Menurut dia, akar persoalan yang sangat mendasar di wilayah Indonesia timur itu bukan lebih kepada soal kesejahteraan seperti yang didengungkan selama ini oleh elite politik ataupun para pemerhati soal Papua, tetapi lebih kepada masalah pelurusan sejarah Papua ke Indonesia.
"Akar pesoalanya bukan kesejahteraan tetapi soal sejarah Papua dengan Indonesia, hal inilah yang harus dibahas secara baik lewat dialog," katanya.
Ia mengatakan sejak 1961 telah banyak program yang berlaku di Papua hingga pada masa reformasi pada 1998. Pada tahun 1999 rakyat Papua meminta merdeka, namun yang diberikan oleh pemerintah pusat adalah otonomi khusus. Pendeta Socrates yang terkenal vokal itu mengatakan Otsus seharusnya bisa memberikan keberpihakan, pemberdayaan dan perlindungan, tetapi yang terjadi adalah sebaliknya.

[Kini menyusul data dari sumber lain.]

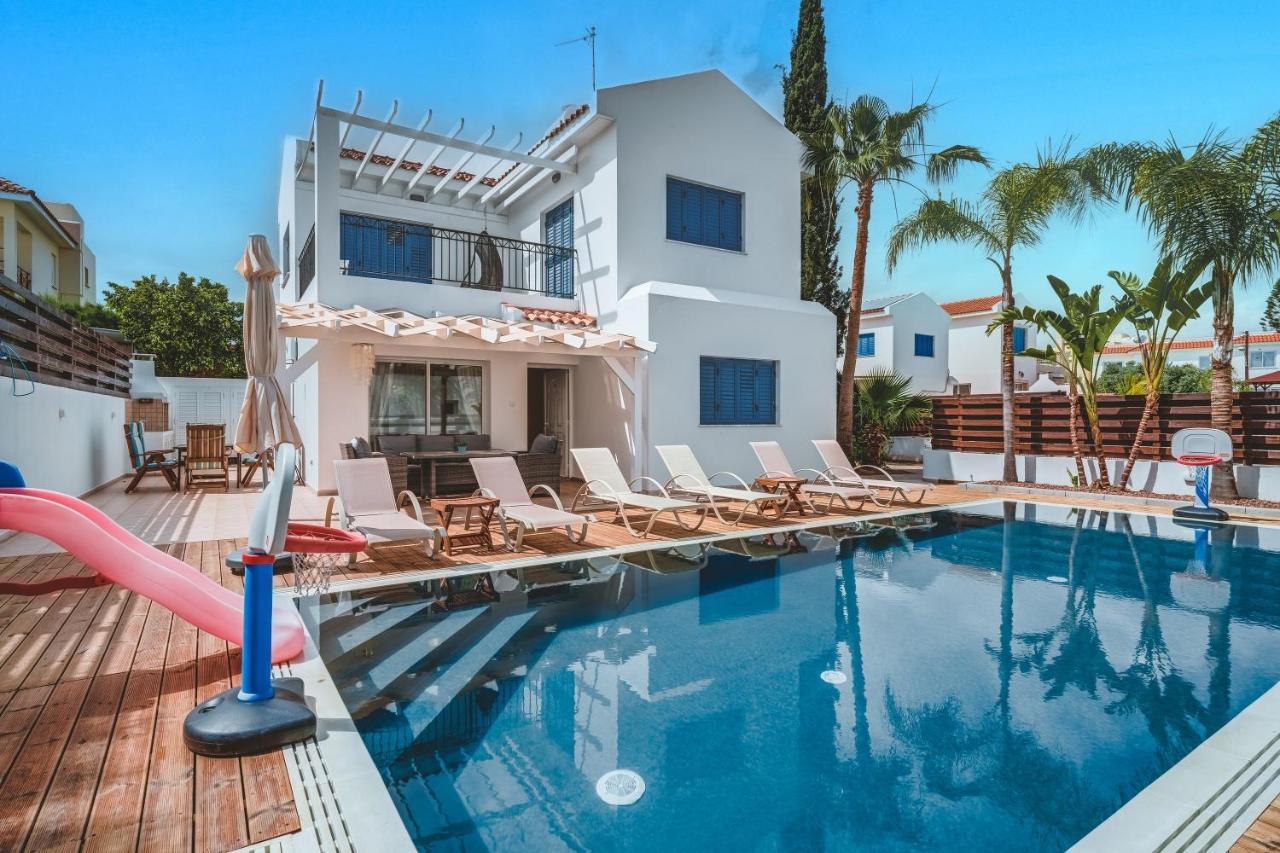 Amphitrite Villa Paralimni Eksteriør billede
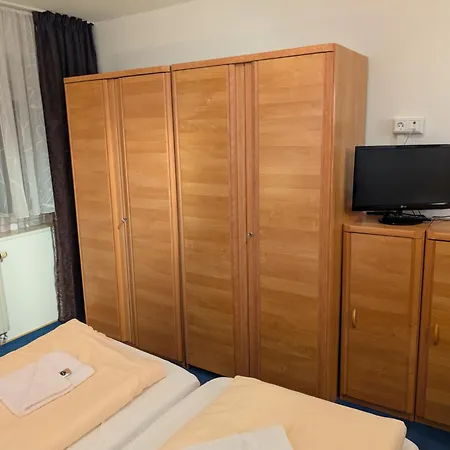 Hotel Hotel-gasthof Zur Rose 3*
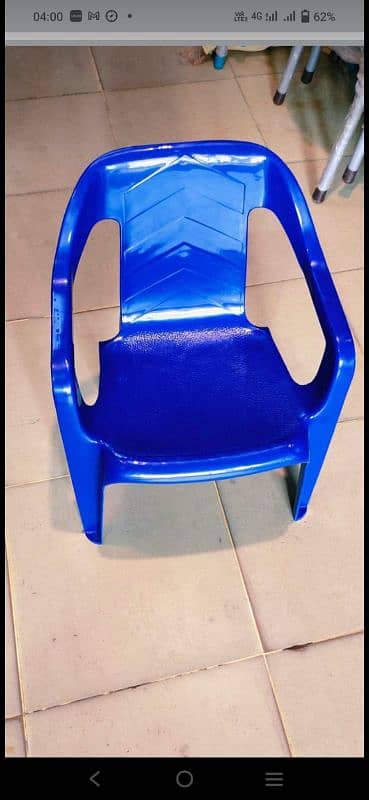 Baby chair with armrest 0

Socrates lahir di Situbondo pada 15 Desember 1969 dan merupakan tokoh gereja yang vokal soal Papua. Dia dosen di berbagai Sekolah Tinggi Theologia di Kota dan Kabupaten Jayapura, yang pernah berbicara dengan staf khusus Sekjen PBB pada Oktober 2011. "Pada 6 Maret ini, saya akan luncurkan buku baru lagi dengan judul "Saya Bukan Bangsa Budak."